The American perception of life during World War Two is cast in images of women working, doing jobs traditionally reserved for men, of busy factories, constantly turning out munitions of war, ration books, victory gardens, and pictures of heroic looking young men in uniform occupying places of honor on walls, mantelpieces, and end tables all over America. The reality and horror of war was far away - not so for Mrs. Irma Seidenman.
Andrzej Szczypiorski's The Beautiful Mrs. Seidenman is a novel set in Nazi-occupied Poland during WW II. Born in Warsaw in 1924, Mr. Szczypiorski fought in the Polish Resistance, took part in the Warsaw uprising in 1944, and served time in a German concentration camp. Drawing on his wartime experience, Szczypiorski assembles a montage of characters struggling for survival in wartime Warsaw, cleverly knitting their experiences within the lives of his main characters, Pawelek Kry ski and Irma Seidenman.
Mrs. Seidenman had been a neighbor of the Kry skis before the war. A beautiful Nordic looking woman, Irma has been able to elude the Nazis, dodging the fate of the rest of Warsaw's Jewish community.
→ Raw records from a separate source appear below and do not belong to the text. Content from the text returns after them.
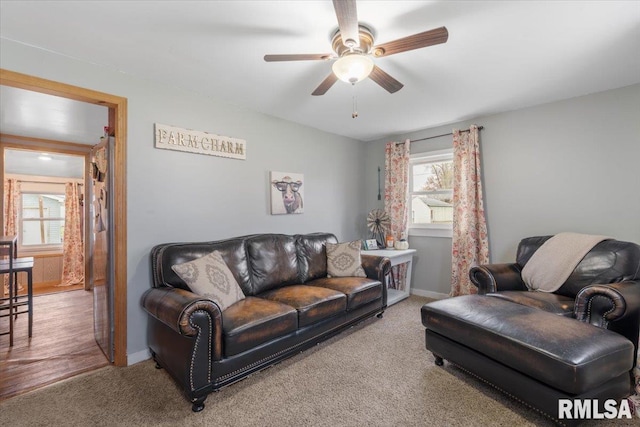 living room with ceiling fan and carpet floors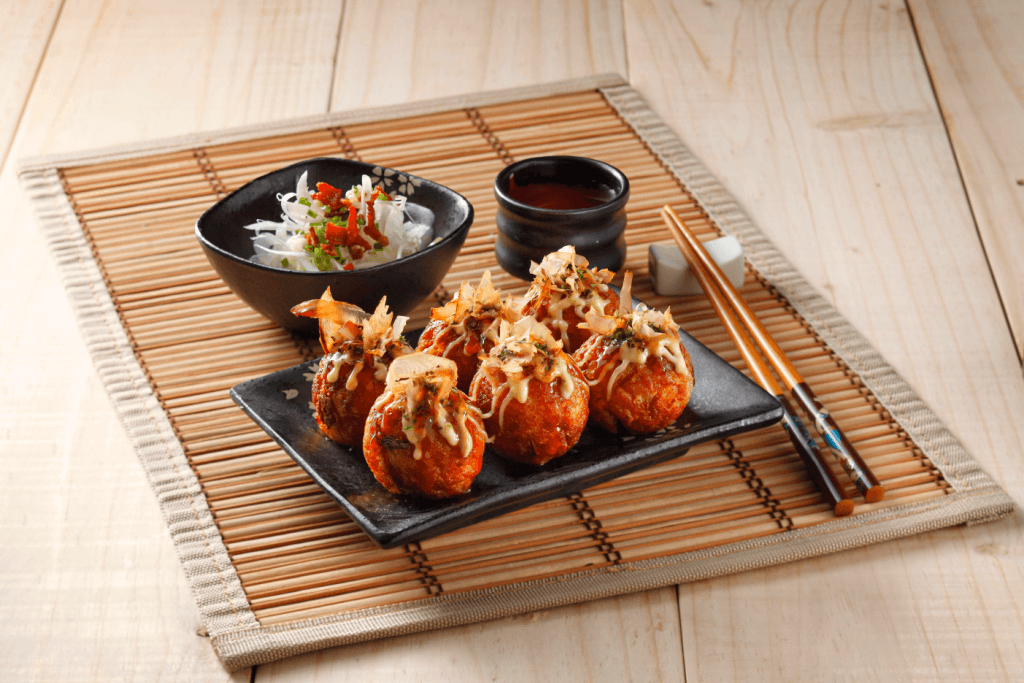 A plate of takoyaki (octopus balls) on a delicious platter.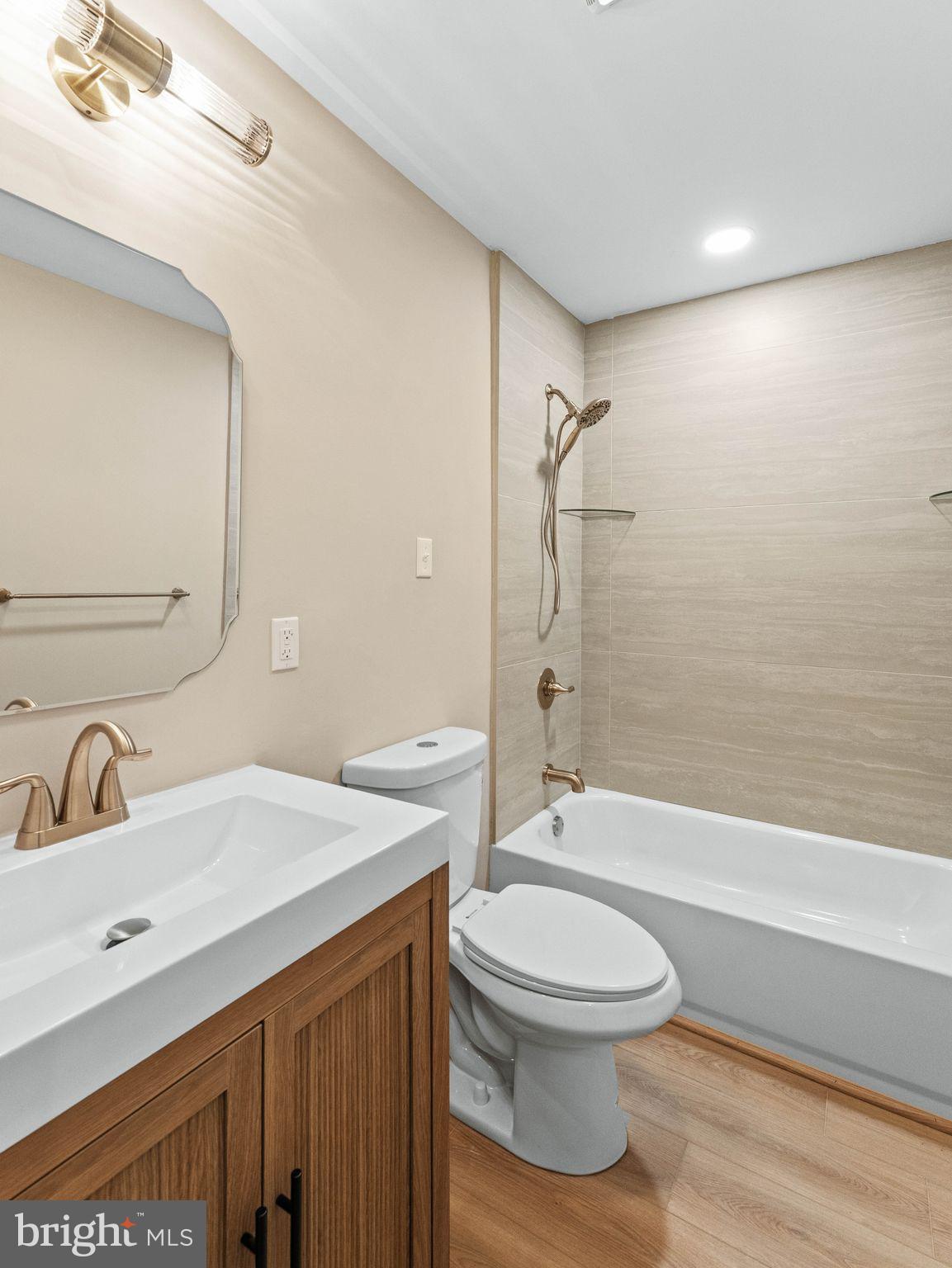 148 Lincoln Road Wenonah, NJ 08090 - Photo 21 of 40 a bathroom with a sink a toilet and a bathtub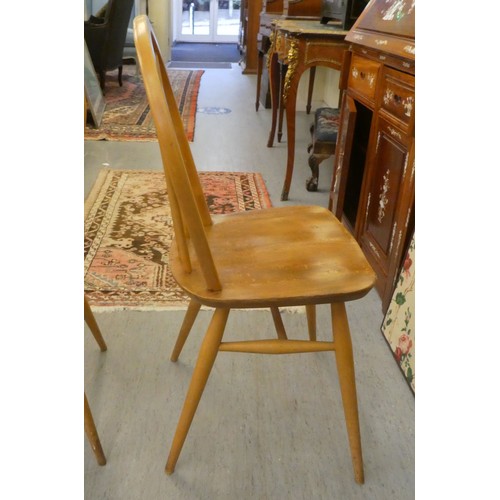 21 - A set of five Ercol (probably) beech and elm framed, hoop and spindled back chairs, the solid seats ... 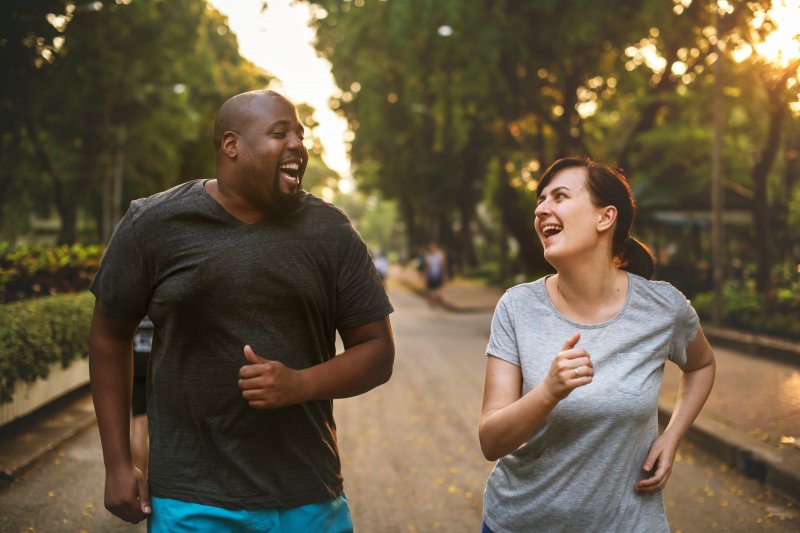 man and woman exercising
Irma possesses two crucial attributes, blue eyes and blonde hair, that have, with the help of forged papers, established her as Mrs. Maria Magdalena Grotomska, the widow of a Polish Army officer. With the help of Pawelek, who is obviously in love with her, she has been able to blend in with the rest of the Polish population, until one fateful day, when she rounds the corner of a Warsaw building and comes face to face with Bronek Blutman. Blutman is a Nazi toady, a nefarious Jew who is surviving by fingering Warsaw Jews who have escaped the Nazi net.
Using the narration of Mrs. Seidenman's rescue, Szczypiorski, interjects the lives of a collage of Warsaw's inhabitants caught up in the terror of the Nazi occupation. His prose successfully instills the sense of despair felt by Pawelek's friend Henio as he decides to return to the ghetto. It is through Szczypiorski's eloquence, we experience the dignity of judge Kujawski and the conniving tactics of Lolo, we pity the Jewish lawyer Fichtelbaum and hate the consciencelessness of the Gestapo officer Stuckler.
Szczypiorski's novel exposes the American audience to a harsher reality of the War. His vignettes draw a poignant picture of individual responses to the Nazi terror in an easily readable style that transports the reader into the lives of his characters. The Beautiful Mrs. Seidenman is an enlightening account of the War experience viewed from the perspectives of the many innocents trapped in its inhumanity.